*** DATA SECTION ***

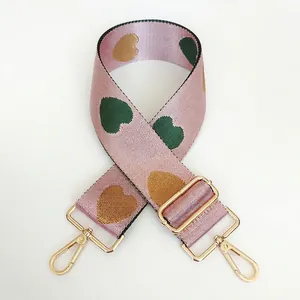 Detail of adjustable nylon bag strap with pink heart pattern and gold swivel hooks
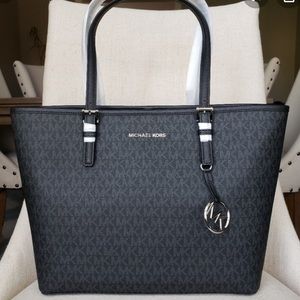 black MK and Tan and white purse and wallet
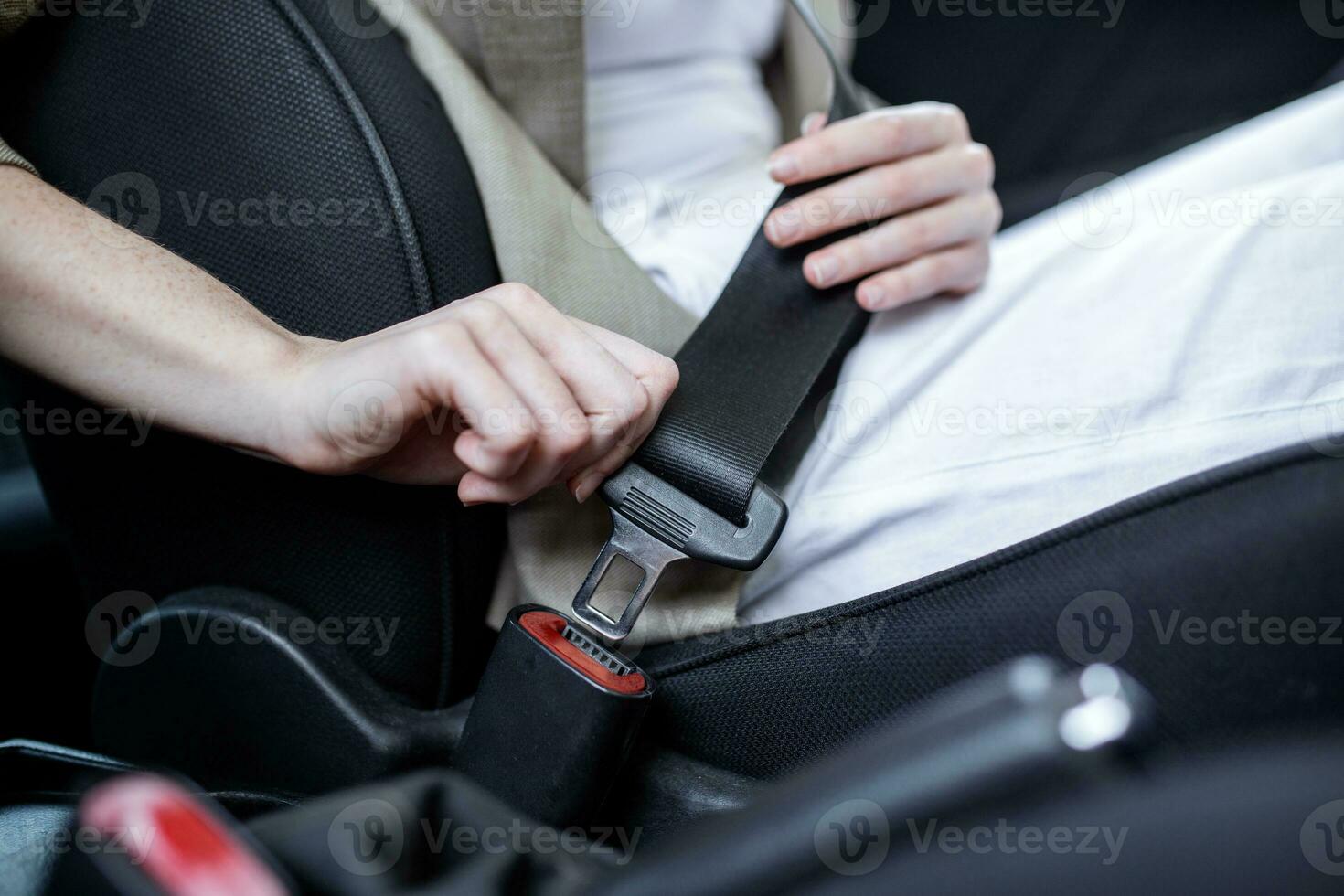 cropped view of woman fastening safety belt while sitting in car on blurred foreground. Cut view of young woman's hands locking seat belt in car. Sitting alone. Close up photo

*** End of DATA SECTION ***

■ REQUIRED WORK
The line containing "black MK and Tan and white purse and wallet" marks the start: set down exactly that line and every line after it through the last line of the data, without any pictures.

■ PROBLEM SOLUTION
 black MK and Tan and white purse and wallet
 cropped view of woman fastening safety belt while sitting in car on blurred foreground. Cut view of young woman's hands locking seat belt in car. Sitting alone. Close up photo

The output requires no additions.